Look below for the line containing "Glypican 3 Antibody / GPC3" and the line containing "Erythema Multiforme Causes", then set down both and every line between them exactly, without pictures.

━━━ Materials provided ━━━

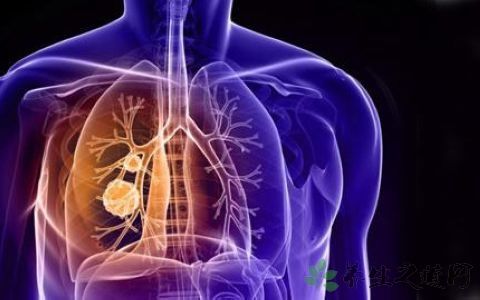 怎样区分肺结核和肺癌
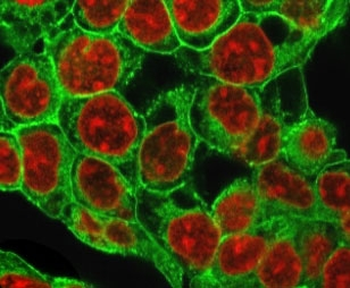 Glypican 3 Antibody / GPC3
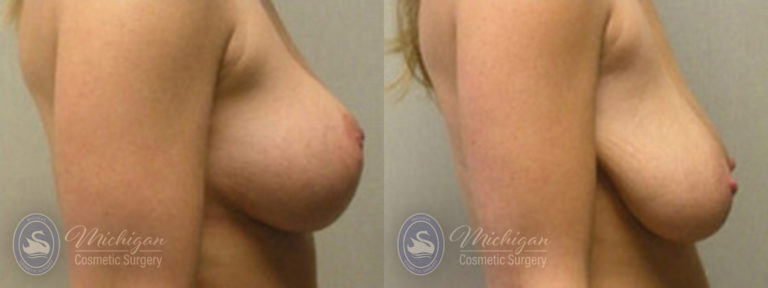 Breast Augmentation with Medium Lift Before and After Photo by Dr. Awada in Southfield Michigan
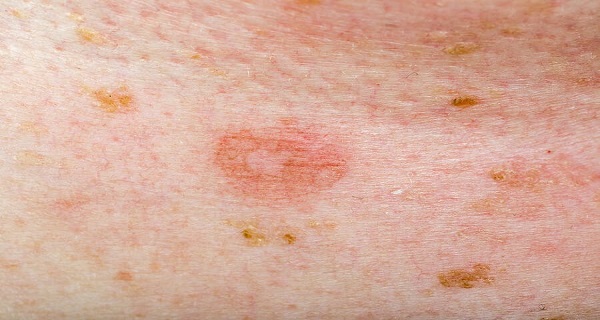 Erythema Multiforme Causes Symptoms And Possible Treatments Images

━━━
━━━ Materials provided ━━━

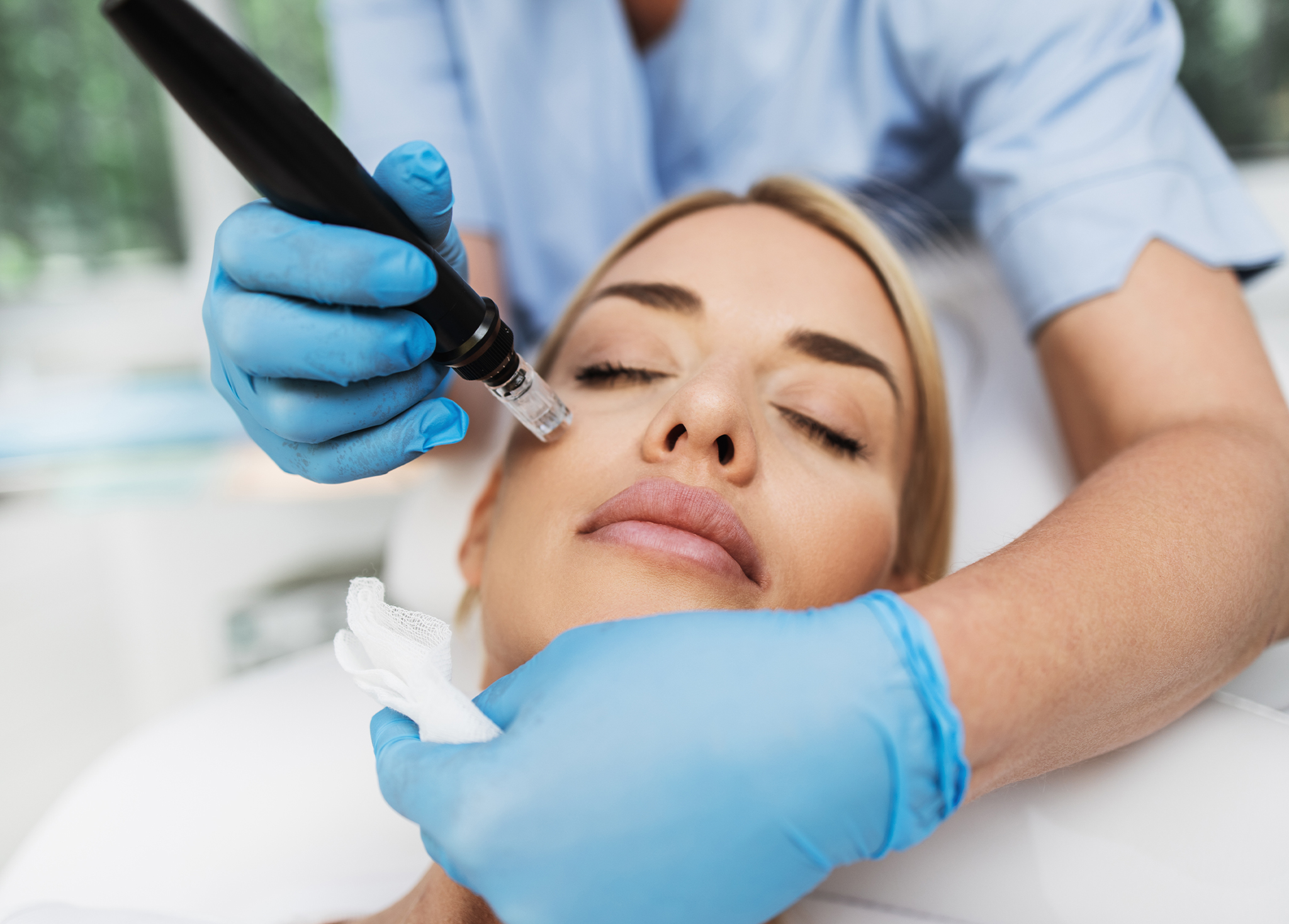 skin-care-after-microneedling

━━━

[Exercise answer]:
 Glypican 3 Antibody / GPC3
 Breast Augmentation with Medium Lift Before and After Photo by Dr. Awada in Southfield Michigan
 Erythema Multiforme Causes Symptoms And Possible Treatments Images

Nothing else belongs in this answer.